The data below:

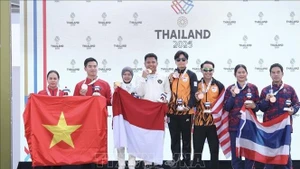 El dúo vietnamita Trinh Thu Vinh y Pham Quang Huy obtiene la medalla de plata en la prueba de pistola de aire a 10 metros por equipos mixtos. (Foto: VNA)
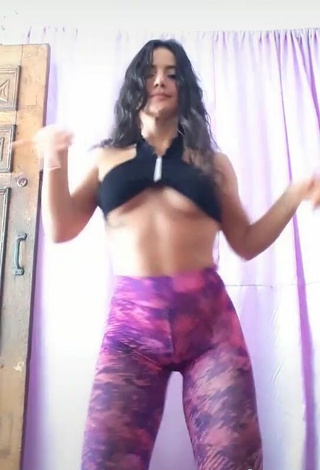 6. Hottest Violetta Ortiz Shows Butt
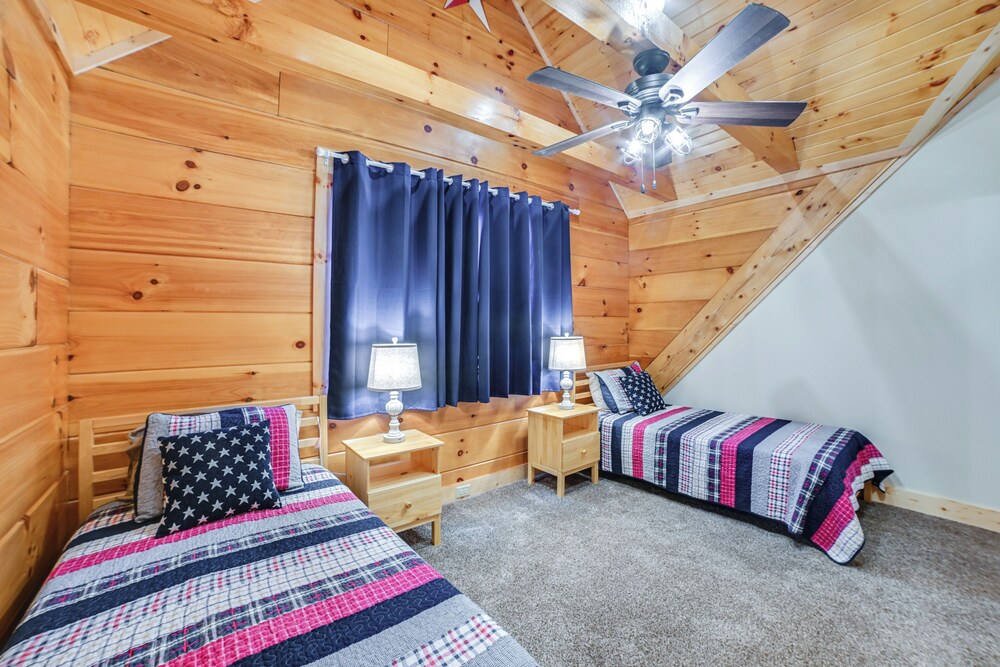 Large Deck & Shared Dock: Cabin on Kentucky Lake!
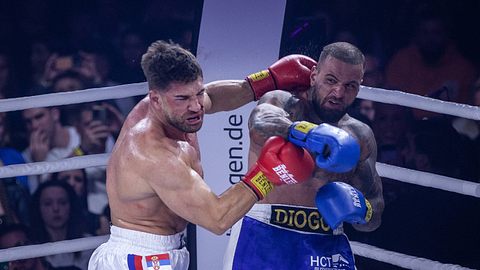 Fame Fighting 2024: Diese Promis lassen ihre Fäuste sprechen! - Foto: IMAGO / Beautiful Sports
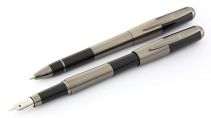 Parure stylo plume/stylo bille noir gun Skipper de Vuarnet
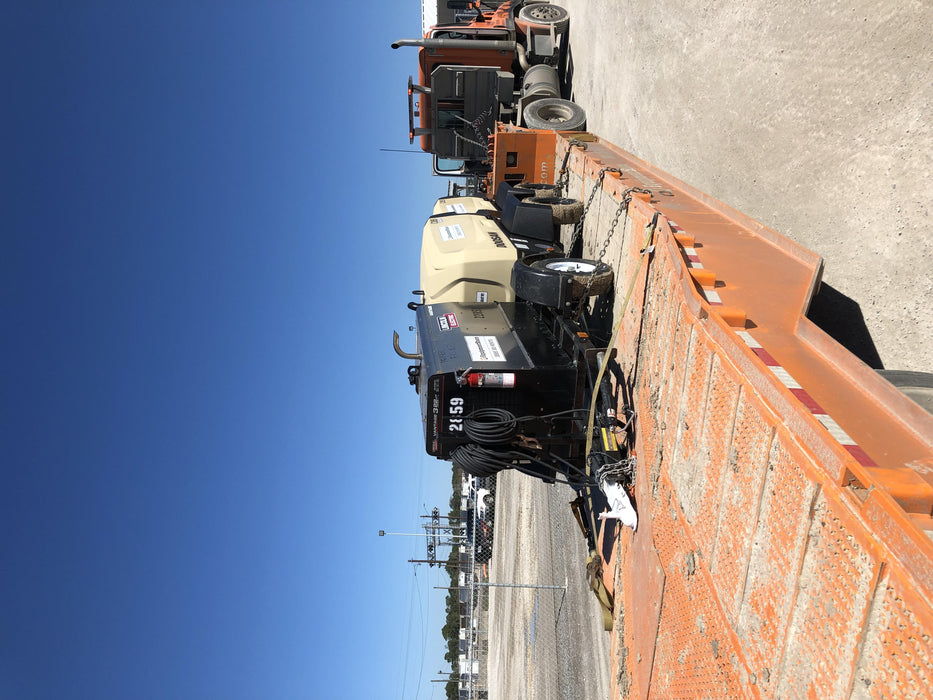 2019 Lincoln Electric Vantage 322 Lincoln Vantage 322 Welder w/Trailer, Light Kit, Cable Rack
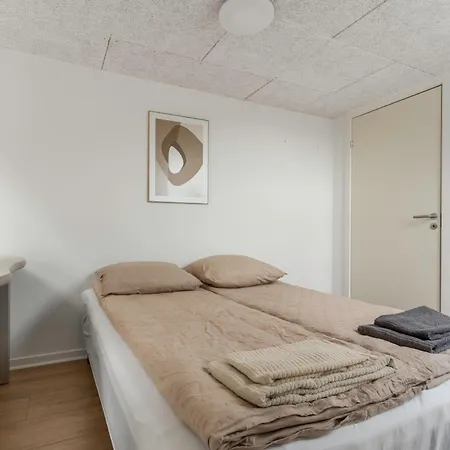 Modernized Bed & Bath דירה *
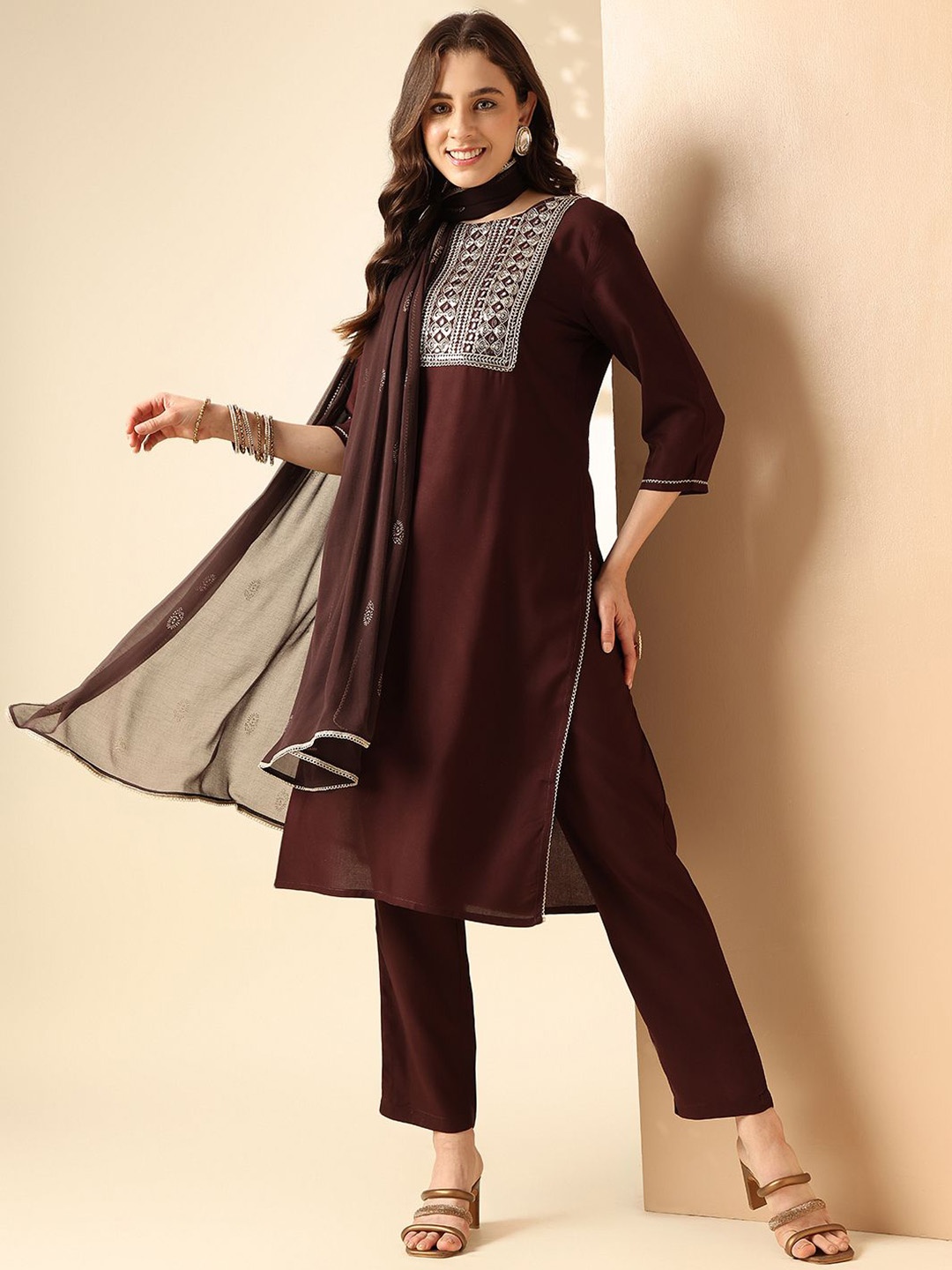 Anouk Ethnic Motifs Embroidered Regular Sequinned Kurta with Trousers & Dupatta, Brown
Anouk Ethnic Motifs Embroidered Regular Sequinned Kurta with Trousers & Dupatta, Brown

End of The data.

[Task statement]
Repeat exactly and only the lines from the one holding "Parure stylo plume/stylo" through the final line of the entries; no pictures.

[Exercise answer]
 Parure stylo plume/stylo bille noir gun Skipper de Vuarnet
 2019 Lincoln Electric Vantage 322 Lincoln Vantage 322 Welder w/Trailer, Light Kit, Cable Rack
 Modernized Bed & Bath דירה *
 Anouk Ethnic Motifs Embroidered Regular Sequinned Kurta with Trousers & Dupatta, Brown
Anouk Ethnic Motifs Embroidered Regular Sequinned Kurta with Trousers & Dupatta, Brown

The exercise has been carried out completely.